FIG. 6 is a block diagram of a system 600 for performing ray tracing operations, according to an example. The system 600 includes execution circuitry 602, traversal circuitry 604, opacity micro-map circuitry (“OMM circuitry”) 606, and memory 608. Each of the execution circuitry 602, the traversal circuitry 604, and the OMM circuitry 606 is embodied as electrical circuitry configured to perform the operations described herein. In various examples, this circuitry is located within the parallel processing units 138 of the APD 116. In some examples, the memory 608 is a general purpose memory of the APD 116 or even the memory 104.

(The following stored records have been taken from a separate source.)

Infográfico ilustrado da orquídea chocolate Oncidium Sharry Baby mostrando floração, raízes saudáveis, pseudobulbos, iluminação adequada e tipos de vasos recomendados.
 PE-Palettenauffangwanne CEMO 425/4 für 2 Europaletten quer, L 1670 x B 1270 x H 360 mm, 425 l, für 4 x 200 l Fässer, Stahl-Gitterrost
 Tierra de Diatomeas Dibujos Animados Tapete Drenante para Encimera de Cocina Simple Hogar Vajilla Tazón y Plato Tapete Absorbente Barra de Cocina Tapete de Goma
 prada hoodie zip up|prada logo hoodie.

The execution circuitry 602 includes execution pipeline hardware for executing instructions of shader programs. Such shader programs include instructions that perform ray tracing operations. These operations include generation of rays, execution of shader operations (e.g., any-hit, closest hit, miss shaders, or other operations) to determine attributes of pixels for a rendered image, or any other operations involved in ray tracing. The traversal circuitry 604 is hardware that traverses a BVH for a ray at the request of the execution circuitry 602. More specifically, the execution circuitry 602 executes shader instructions to perform ray tracing operations. Such operations include generating a ray and requesting traversal of the BVH for the ray. This request is sent to the traversal circuitry 604 for execution. This traversal traverses the BVH for the ray, determining which nodes of the BVH are intersected. For nodes that are intersected and that require shader work, the traversal circuitry 604 “returns” indications to the execution circuitry 602 that such shader work is to be performed. The traversal circuitry 604 may continue traversal of the BVH for the same ray even if such shader work is required. In an example, an any hit shader is to be executed when the traversal circuitry 604 identifies a “candidate” hit for a ray and a primitive (e.g., where the opacity micro-map information indicates that the corresponding subdivision has an “unknown” opacity). Thus, the traversal circuitry 604 requests the execution circuitry 602 to perform such any hit shader work. Because this shader is executed for any non-opaque intersection of a ray with a primitive, a single traversal through a BVH for a single ray may result in multiple any hit shader invocations. Thus, while and/or after the above any hit shader work occurs in the execution circuitry 602, the traversal circuitry 604 continues traversal of the BVH to determine if additional work is to be performed.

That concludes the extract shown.